2. Falsification

Trying very hard to produce the “desirable” results through data analysis can be a great danger. The federal Office of Research Integrity defines three types of research misconduct: fabrication, falsification, and plagiarism (Office of Research Integrity, 2017). In particular, falsification refers to “manipulating research materials, equipment, or processes, or changing or omitting data or results such that the research is not accurately represented in the research record.” According to this definition, falsification can happen prior to, during, or after data collection. In practice, falsification often takes place after data collection; that is, much of falsification happens during data processing, statistical analysis, and representation of the results.

 

2.1 Data fishing and trimming

A fisherman would not mind using multiple hooks to catch a big fish, but the same strategy might be problematic in data analysis. DeMets (1999) uses “data fishing” to describe the “conducting [of] endless analyses until one statistically significant result is found.” Because a size-able dataset might contain random correlations, repetitive analysis of the same set of data might accidentally reveal “statistically significant” correlations between certain variables. Because these seemingly correlated relations come into being purely by chance, they should not be reported as research findings.

 

Assortment of fishing lures

Figure 3 Multi-hooks for Fishing. 
(Rapala lures by Fanny Schertzer / CC BY-SA-3.0)

 

Data trimming is another problematic practice in analyzing research data. Data trimming happens when the researcher selectively abandons part of the data that is considered invalid because it is not collected following the protocol. An example of data trimming would be removing data contributed by unqualified participants after data collection is complete. DeMets (1999) points out that data trimming might introduce substantial biases in the statistical analysis, for such actions compromise the randomness of the data set.

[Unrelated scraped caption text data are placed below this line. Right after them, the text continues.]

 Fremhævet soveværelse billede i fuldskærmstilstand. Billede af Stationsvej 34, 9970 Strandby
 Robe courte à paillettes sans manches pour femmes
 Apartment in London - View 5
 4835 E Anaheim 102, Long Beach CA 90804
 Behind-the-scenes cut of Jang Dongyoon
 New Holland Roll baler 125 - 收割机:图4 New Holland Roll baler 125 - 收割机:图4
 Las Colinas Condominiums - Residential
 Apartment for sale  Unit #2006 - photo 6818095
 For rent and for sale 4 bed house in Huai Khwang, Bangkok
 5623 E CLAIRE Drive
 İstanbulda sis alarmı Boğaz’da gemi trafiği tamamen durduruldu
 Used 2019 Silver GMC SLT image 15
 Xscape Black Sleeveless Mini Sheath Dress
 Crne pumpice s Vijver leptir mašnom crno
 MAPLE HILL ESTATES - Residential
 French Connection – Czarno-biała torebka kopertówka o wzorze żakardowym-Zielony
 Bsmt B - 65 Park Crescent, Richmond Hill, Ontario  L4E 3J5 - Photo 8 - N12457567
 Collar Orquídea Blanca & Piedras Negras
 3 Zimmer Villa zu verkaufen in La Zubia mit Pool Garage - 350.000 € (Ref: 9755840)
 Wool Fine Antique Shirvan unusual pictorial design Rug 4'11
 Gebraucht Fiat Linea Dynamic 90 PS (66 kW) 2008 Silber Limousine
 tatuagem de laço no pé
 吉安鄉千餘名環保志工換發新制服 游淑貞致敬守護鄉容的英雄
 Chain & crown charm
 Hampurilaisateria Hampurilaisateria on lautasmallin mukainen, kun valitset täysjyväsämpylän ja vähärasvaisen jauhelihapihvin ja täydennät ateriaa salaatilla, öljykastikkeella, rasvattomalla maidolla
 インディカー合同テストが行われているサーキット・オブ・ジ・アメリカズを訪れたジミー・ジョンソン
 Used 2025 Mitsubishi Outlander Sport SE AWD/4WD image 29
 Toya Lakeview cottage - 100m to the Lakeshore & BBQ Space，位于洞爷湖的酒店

One may not consider data fishing or data trimming as falsification, because neither practice explicitly changes the value of the raw data. Indeed, in rare cases, these practices can produce valid results. For example, repetitive analysis of large data sets might detect correlations we did not anticipate in advance. However, deliberately fishing or trimming data in order to produce statistically significant results is an act of misrepresenting the research, and it should be avoided.

 

2.2 Image manipulation

With the increasing use of graphics in research publications, the research community has become alerted to an additional type of misconduct: image manipulation. In 2005 and 2006, 44% of research misconduct cases opened by the Office of Research Integrity involved image manipulation (Parrish and Noonan, 2009). Many researchers understand that some degrees of image processing is valid and even necessary for enhancing its readability, but one should be careful that image “beautification” can be overdone. Parrish and Noonan (2009) cite seven forms of image manipulation identified by Rossner and Yamada (2004): “(1) gross misrepresentation, (2) brightness/contrast adjustments, (3) cleaning up the background, (4) splicing lanes together, (5) enhancing a specific feature, (6) linear versus non-linear adjustments, and (7) misrepresentation of a microscope field.” The boundary between appropriate and inappropriate image processing can be blurry, and it often depends on the discipline, methods, and objects of study. According to Parrish and Noonan (2009), misconduct cases may involve “(1) image enhancement, accentuating or diminishing attributes of the taken image; (2) presenting an image as something other than what it is; and (3) altering an image.”